Thursday, December 2, 2010

Words can build up and words can tear down. What words will you choose to come out of your mouth?
You know the old saying that sticks and stones will break my bones but words will never hurt me? - I can say after living through my school years, that its just not true.

Mark 3:5 Likewise, the toungue is a small part of the body, but it makes great boasts.
Meaning that it can bring great damage or great joy. Our words that we choose to say or not say speak volumes to the people around us. I have a picture frame on my wall in my office that I look at from time to time when my spirit is down. On this picture frame are hand written notes from some of my students with words of encouragement.
Some of which read:
You are always telling me that your proud of me and it makes me feel good about myself.
You are always there for me
I think you're flippin awesome!
I love you!
You always know how to brighten someones day!

I just love the spiritual gift of encouragement. Nothing is more powerful to a person who hears "I believe in you". Those 4 little words can change a life direction for someone. I try my best to find the good in each person and encourage them - even in these tough teenage years when I often feel like they don't want to hear anything from me. Positive words have a way of making us feel warm inside and boost our moral and mood. Don't believe me? Tell your wife, husband, son or daughter something awesome and nice next time you see them and watch their reaction! You will know if you saying encouraging words often enough by their reaction.
Mark Twain once wrote -"I could live 2 months on one good compliment". Each of us needs to hear encouraging words from time to time.
I can remember years ago in my Judo training, there was an older man that pushed us hard and taught me so many things. Not only about Judo but also about character and sportsmanship. Mr. Earnie once said that we would learn more about ourselves when we lose than when we win. I still remember him saying that as if it was yesterday and I even caught myself sharing those same words with my son just a few days ago. Building a person up with words is a great confidence booster. You see it all the time in our gyms and at our ballfields and schools which parents are encouraging their kids or who are ripping them apart.
Kyle played baseball years ago and on this team, the coach was really tough and made examples of his players. So one play during a game the kid made an error and when he finally got back to the dugout, the coach was up his butt screaming at him.
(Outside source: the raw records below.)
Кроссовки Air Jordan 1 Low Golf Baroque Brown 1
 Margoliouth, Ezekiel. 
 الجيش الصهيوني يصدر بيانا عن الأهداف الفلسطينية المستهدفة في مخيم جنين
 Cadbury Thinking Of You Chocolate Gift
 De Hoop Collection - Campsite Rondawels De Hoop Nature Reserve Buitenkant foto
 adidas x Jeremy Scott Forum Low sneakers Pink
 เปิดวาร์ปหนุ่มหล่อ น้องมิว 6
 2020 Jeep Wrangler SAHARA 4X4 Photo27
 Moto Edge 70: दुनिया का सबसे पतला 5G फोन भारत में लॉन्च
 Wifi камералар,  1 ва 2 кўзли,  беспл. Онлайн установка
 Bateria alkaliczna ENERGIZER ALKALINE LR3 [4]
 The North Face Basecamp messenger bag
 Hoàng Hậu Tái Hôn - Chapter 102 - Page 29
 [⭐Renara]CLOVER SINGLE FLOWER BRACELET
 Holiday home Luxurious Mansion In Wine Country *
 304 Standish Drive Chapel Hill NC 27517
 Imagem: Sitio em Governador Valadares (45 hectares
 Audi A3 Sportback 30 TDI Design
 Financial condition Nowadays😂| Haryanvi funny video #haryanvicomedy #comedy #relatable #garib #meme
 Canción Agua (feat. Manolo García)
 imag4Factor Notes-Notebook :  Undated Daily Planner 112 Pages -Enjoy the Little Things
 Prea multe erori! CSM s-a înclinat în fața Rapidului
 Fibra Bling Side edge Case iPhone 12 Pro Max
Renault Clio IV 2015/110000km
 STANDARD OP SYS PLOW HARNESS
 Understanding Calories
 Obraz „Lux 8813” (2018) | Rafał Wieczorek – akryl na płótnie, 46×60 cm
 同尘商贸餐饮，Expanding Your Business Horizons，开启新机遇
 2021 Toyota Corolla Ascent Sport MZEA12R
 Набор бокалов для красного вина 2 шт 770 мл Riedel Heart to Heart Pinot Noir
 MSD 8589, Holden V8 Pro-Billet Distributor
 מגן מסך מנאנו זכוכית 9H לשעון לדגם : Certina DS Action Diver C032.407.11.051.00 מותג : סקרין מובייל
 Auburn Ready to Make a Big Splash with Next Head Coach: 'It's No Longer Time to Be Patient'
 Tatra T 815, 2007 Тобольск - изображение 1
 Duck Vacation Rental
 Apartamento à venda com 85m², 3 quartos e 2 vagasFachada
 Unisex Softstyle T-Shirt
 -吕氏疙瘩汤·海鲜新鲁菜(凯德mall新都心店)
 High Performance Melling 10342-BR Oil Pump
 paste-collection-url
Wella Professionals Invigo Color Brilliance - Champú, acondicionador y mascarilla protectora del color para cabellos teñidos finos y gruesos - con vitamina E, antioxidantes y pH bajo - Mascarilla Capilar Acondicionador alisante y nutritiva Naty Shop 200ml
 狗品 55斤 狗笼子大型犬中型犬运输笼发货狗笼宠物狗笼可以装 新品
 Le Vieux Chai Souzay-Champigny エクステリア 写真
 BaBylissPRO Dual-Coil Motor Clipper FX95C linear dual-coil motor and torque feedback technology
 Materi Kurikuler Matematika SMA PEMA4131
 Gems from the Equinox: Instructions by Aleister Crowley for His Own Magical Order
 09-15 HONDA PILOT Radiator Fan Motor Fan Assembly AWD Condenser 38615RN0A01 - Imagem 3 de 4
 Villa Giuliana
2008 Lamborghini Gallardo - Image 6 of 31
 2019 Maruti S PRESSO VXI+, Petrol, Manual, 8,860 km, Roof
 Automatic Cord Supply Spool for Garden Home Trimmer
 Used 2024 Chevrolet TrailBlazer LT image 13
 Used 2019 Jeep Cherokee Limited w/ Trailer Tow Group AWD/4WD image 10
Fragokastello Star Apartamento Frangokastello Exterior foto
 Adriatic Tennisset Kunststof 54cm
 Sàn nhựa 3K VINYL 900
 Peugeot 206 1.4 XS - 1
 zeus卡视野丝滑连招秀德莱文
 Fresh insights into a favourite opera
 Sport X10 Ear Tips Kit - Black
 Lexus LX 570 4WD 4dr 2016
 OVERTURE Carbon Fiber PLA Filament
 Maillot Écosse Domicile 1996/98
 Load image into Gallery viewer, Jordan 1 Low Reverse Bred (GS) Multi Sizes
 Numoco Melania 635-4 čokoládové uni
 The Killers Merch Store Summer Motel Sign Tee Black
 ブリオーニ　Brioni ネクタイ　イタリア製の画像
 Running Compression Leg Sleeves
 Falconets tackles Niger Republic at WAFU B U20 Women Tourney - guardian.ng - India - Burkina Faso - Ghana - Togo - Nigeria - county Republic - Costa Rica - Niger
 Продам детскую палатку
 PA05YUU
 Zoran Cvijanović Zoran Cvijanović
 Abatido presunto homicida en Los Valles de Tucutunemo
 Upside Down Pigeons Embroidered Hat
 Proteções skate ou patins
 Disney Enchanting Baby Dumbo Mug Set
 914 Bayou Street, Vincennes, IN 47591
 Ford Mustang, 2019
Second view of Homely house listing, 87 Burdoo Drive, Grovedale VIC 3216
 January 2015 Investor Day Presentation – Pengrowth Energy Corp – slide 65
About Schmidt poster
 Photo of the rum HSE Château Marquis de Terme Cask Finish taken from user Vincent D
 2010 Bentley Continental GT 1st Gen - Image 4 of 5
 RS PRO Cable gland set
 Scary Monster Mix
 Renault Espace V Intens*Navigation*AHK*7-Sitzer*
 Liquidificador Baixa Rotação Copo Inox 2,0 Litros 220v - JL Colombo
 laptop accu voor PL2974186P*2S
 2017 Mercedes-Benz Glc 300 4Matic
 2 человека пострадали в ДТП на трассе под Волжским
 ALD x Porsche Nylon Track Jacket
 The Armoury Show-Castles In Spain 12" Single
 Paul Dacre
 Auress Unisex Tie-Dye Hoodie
Next inning the kid slowly walked out to left field with his head down and his parents were really upset. That kid walked off the field that day and never returned. Our words have power! - even as we type them on Twitter, Facebook or even by not saying anything at all. I hate the quiet treatment the worst!

I try my best to make others feel special. My only problem comes when I am in company of 2 or more teenagers and they are all fighting for my attention. Sometimes feelings get hurt and jelousy kicks in and then one of the students is feeling left out. I just can't win sometimes but the life of a teenager is so complicated and they are like living in a pressurized bubble that could explode at any moment for no apparent reason.
Encouragement can be a tremendous ministry gift to others and can have far greater implications than just making others feel better about themselves. You can actually begin to reveal the love you have for Jesus through your words of encouragement because God has placed those words there and if you let Him influence what you have to say - It will reflect the radiance of Gods love.
Matthew 12:34-35 - How do you suppose what you say is worth anything when you are so foul-minded? It's your heart, not the dictionary, that gives meaning to your words. A good person produces good deeds and words season after season. An evil person is a blight on the orchard. Let me tell you something: Every one of these careless words is going to come back and haunt you. There will be a time of reckoning. Words are powerful; take them seriously. Words can be your salvation. Words can also be your damnation".

Evaluate where you words are and that will gauge where your heart is. If your heart is in a troubled place and negative words keep coming out or you continue to tear people down around you you for sure need to address those heart issues. All of us want to be loved and affirmed and the issue is knowing that we can place ourselves into a position to be loved. Your encouraging words reflect the sourse from which they come from - God.
I am really have to chose my words carefully these days. Somehow my son and a few of my close kids are now teenagers. This means I have to change my parenting skills and methods to move with them in their years of change. Often times we speak down to our teens thinking if we can just keep talking like we used to they wont grow up as fast. Think that through! I am really caught off guard these past few weeks as some of my close kids pull away some. I thought that independance would be waiting until they got their license but that is just not the case. Maybe I am not as cool anymore or maybe I need to have more personal one on one time with them and not so much as a group. I have to admit though that I have walked with kids since my son was in third grade and now he is in 7th. I have walked some miles and some years with many of his friends and classmates. Let me share some heart if you would let me.
These years now are complicated! I have to transition along with them as they move from dependant to independant. Otherwise I will turn out to be the controlling dad or leader in their life. I for sure don't want that. I can't be like a parent to them today as if they were still in elementary school. I know this time is urgent and so influencial. My time is running out and I do feel a little bit of panic at times but I have to remain that positive influence in their lives. I still have to be that leader they need me to be. I still have to hold their hand but just so they don't notice it as much.
My words of encouragement are critical during this season. I have to transition in my ways I communicate and some of those times are going to be AWKARD! I need to listen more than talk and when I do - choose my words carefully. This time right now is laying the foundation to kind of relationship I want to have with them when they are adults. Along with yesterdays post on "thewalk" - I think these times ahead have to have some fun in them as well.
I'm fighting for my son and "mykids" - their spiritual health as well as their emotional health and that means more intentional time invested in them.
A few short years and they will be on a college campus somewhere living life that you have helped mold and shape. I want those relationships to be right and God honoring.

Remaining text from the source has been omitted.